## About this task
In the listing below, locate the line containing "Brodit ProClip 853282" and copy it and every line after it through the end, exactly as written, leaving out any pictures.

## Information supplied
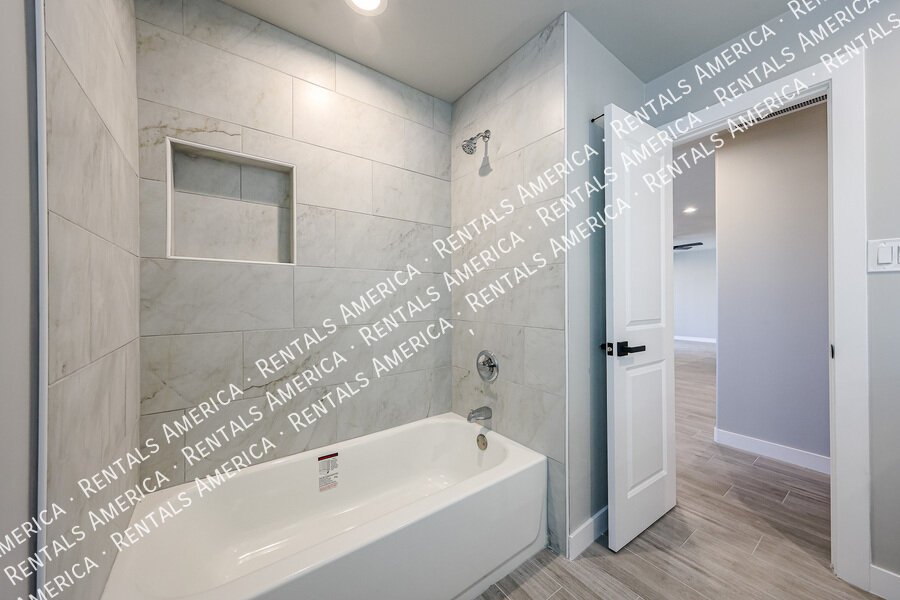 Receive one month of rent FREE, spread over the 12-month lease term! property image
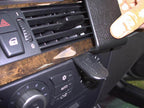 Brodit ProClip 853282 voor BMW 5-series M5 E60, E61 2004-2010 - detail van dashboardmontage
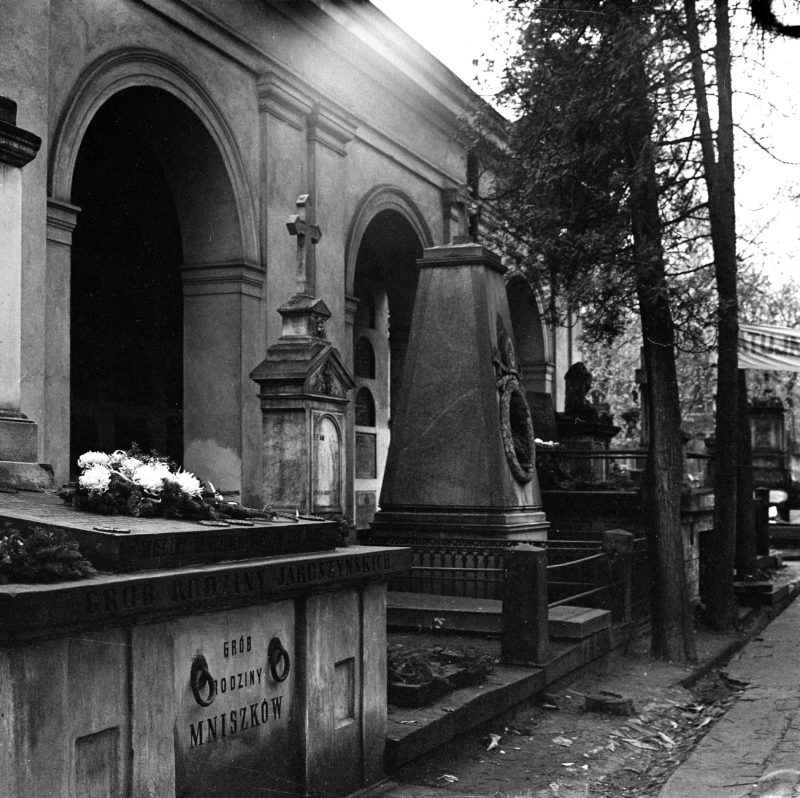 POWAZKI06 Święto Wszystkich Świętych na Cmentarzu Powązkowskim w Warszawie, 1978 r.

## Response below
 Brodit ProClip 853282 voor BMW 5-series M5 E60, E61 2004-2010 - detail van dashboardmontage
 POWAZKI06 Święto Wszystkich Świętych na Cmentarzu Powązkowskim w Warszawie, 1978 r.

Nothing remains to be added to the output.